Tim bernama Imelda ini terdiri dipimpin Profesor Mauridhi Hery Purnomo. Anggotanya, Wiwik Anggraeni, Diah Risqiwati, Lailatul Husniah, Sugiyanto, dan Hanugra Aulia Sidharta.
Semua anggota tim Imelda tersebut saat ini masih menyelesaikan studi program S3 di ITS Tim juga melibatkan Lailis Syafa’ah yang merupakan dosen Teknik Elektro dari Universitas Muhammadiyah Malang (UMM) sebagai koordinator komunikasi tim dengan mitra kerja terkait.
Wiwik Anggraeni mengungkapkan PPMS terdiri dari tiga komponen utama, yakni alat monitoring pasien, komputer mini, dan printer thermal mini.
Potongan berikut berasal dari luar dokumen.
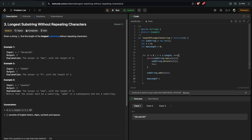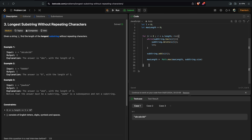We also need to keep track of the length of the current substring versus the previous maximum. We do this with Math.max, using the set's size property which returns the current size of the set. We store whichever is greater and at the end we can return it safely.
Ketiganya dikemas dalam sebuah koper dengan ukuran yang sama dengan berat kurang dari 3 kilogram guna memudahkan transportasi.
"Dengan ukuran tersebut, PPMS menjadi alat portable yang bisa dipindahkan dari ambulance menuju bed sementara sebelum masuk ke emergency room," papar Wiwik dalam keterangannya, Kamis, 27 Januari 2022.
Baca: Vaksin Merah Putih Bersiap Menuju Tahap Uji Praklinis
Wiwik menambahkan PPMS berfungsi sebagai alat monitoring tanda vital selama perjalanan dari rumah pasien hingga UGD. Tanda vital tersebut di antaranya SpO2, systole, diastole, suhu tubuh, respiratory rate, dan heart rate.
"Keenamnya akan diamati selama perjalanan dan paramedis dapat mencetak rangkuman data tersebut untuk kemudian diserahkan ke UGD," ujar dosen Departemen Sistem Informasi ITS tersebut.
Wiwik mengaku dalam melakukan penelitian ini, tim Imelda menggunakan metode pengamatan secara langsung. Dengan melibatkan Rumah Sakit (RS) UMM sebagai mitra kerja, tim melakukan survei di lapangan guna mencari ide inovasi yang sesuai dengan tema IEEE SIGHT Funding, sebuah program pengabdian yang berhubungan dengan penanggulangan covid-19.
"Lalu, ide tersebut kami ajukan untuk diimplementasikan di ambulance milik RS UMM," bebernya.
Setelah mendapat persetujuan dan pendanaan, tim Imelda mulai merakit PPMS dan melakukan uji simulasi. Baik simulasi terbatas, maupun simulasi di lapangan.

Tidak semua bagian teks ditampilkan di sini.